First a bit of background on this particular contest. The data is very high dimensional (1875 features) and multicategorical (9 classes). You get 1000 labeled training points, which isn't nearly enough to learn a good classifier on this data. In addition you get ~130000 unlabeled points. The goal is to leverage all the unlabeled data to be able to build a decent classifier out of the labeled data. To top it off you have no idea what the data represents, so it's impossible to use any domain knowledge.

I saw this contest a couple of weeks ago shortly after hearing a colleague's PhD proposal. His topic is the building networks of Kohonen Self-Organizing Maps for time series data, so SOMs are where my mind went first.

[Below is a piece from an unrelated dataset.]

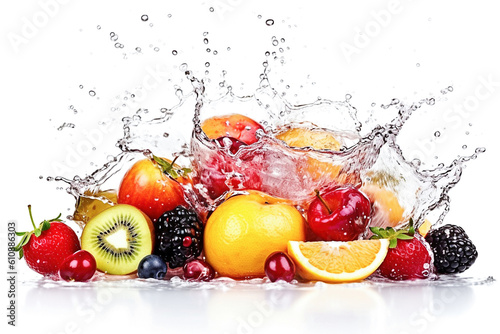 Ai generative. Fresh fruits  in water splash  on white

SOMs are a good fit for this task: they can learn on labeled or unlabeled data, and they're excellent at dimensionality reduction.

An SOM of macroeconomic features. From Sarlin, "Exploiting the self-organizing financial stability map," 2013.
An SOM of macroeconomic features. From Sarlin, "Exploiting the self-organizing financial stability map," 2013.

My approach was to use the unlabeled training data to learn a SOM, since they lend themselves well to unsupervised learning. Then I passed the labeled data to the SOM. The maximally active node (i.e. the node whose weight vector best matches the input vector, aka the "best matching unit" or BMU) got tagged with the class of that training sample. Then I could repeat with the test data, and read out the class(es) tagged to the BMU for each data point.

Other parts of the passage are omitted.